Google's security research team is warning the public about the dangers of boxed Android devices coming with preinstalled malware programs.

At the Black Hat conference on Thursday, Project Zero researcher Maddie Stone discussed her team's findings regarding the prevalence of harmful apps on consumer devices.

The group found that more than 7.4 million Android gadgets contained preinstalled malware capable of automatically downloading other malicious apps in the background. These programs are then used by criminals to commit ad fraud.

Stone said attackers often mislead consumers by providing legitimate services upfront, but they then hide malware in the apps that they offer.

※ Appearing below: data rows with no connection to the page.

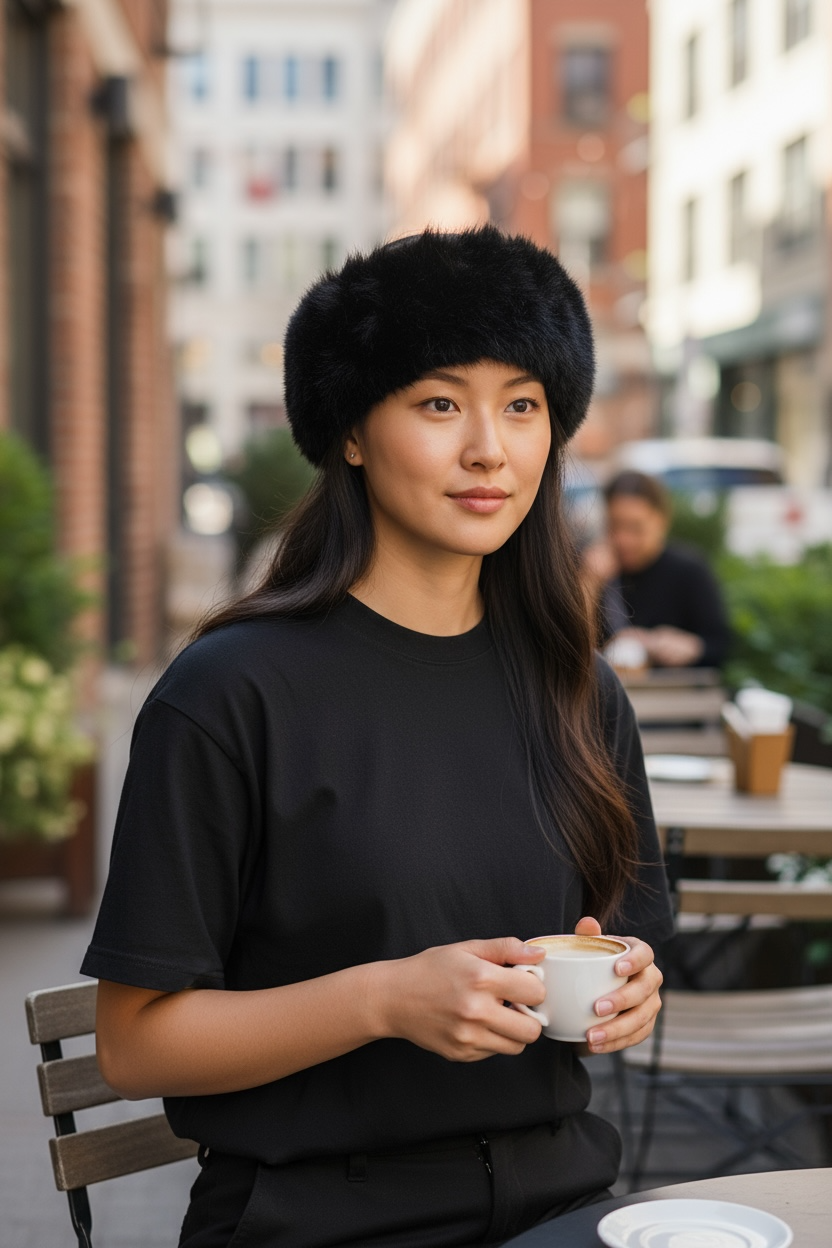 Fluffy Love Stirnband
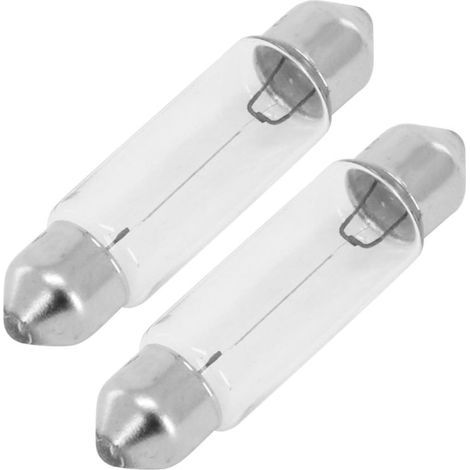 2er-Pack Soffittenlampen, 12 V, 10 W, SV8.5, 10 x 36 mm, für Auto, Motorrad, Roller (1/3)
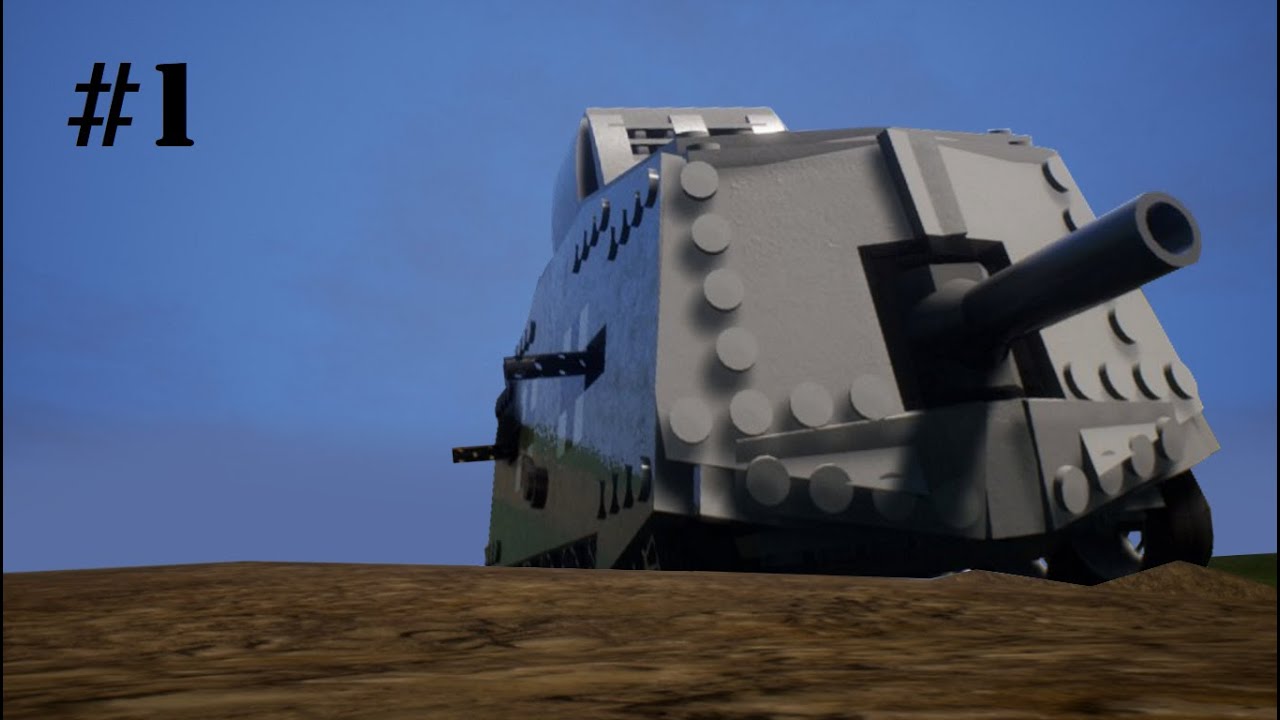 Brick Rigs WW1 Tankbattle Tanks #1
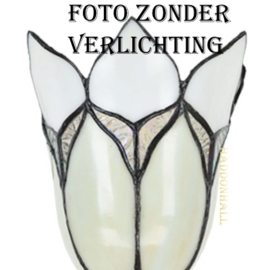 8100 Plafonniere Dubbele Spot met 2 Tiffany kappen Ø16cm Lovely Flower White '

Hidden Threat Of Preinstalled Malware

The threat of preinstalled malware might not be such a big problem for bigger Android partners such as Samsung or LG. However, it might not be the case for smaller companies that offer budget smartphones. These manufacturers tend to rely on unproven third-party software to help lower production costs, which often leaves their products more vulnerable to cybersecurity attacks.

One program that is most at risk of malware attack is the Android Open-Source Project (AOSP), which is considered as the more affordable version of the Android operating system.

Stone said criminals take advantage of the supply chain to launch their attack. Instead of having to convince thousands of users to download their malicious apps, attackers only need to convince one smartphone maker to include the malware in its product offering.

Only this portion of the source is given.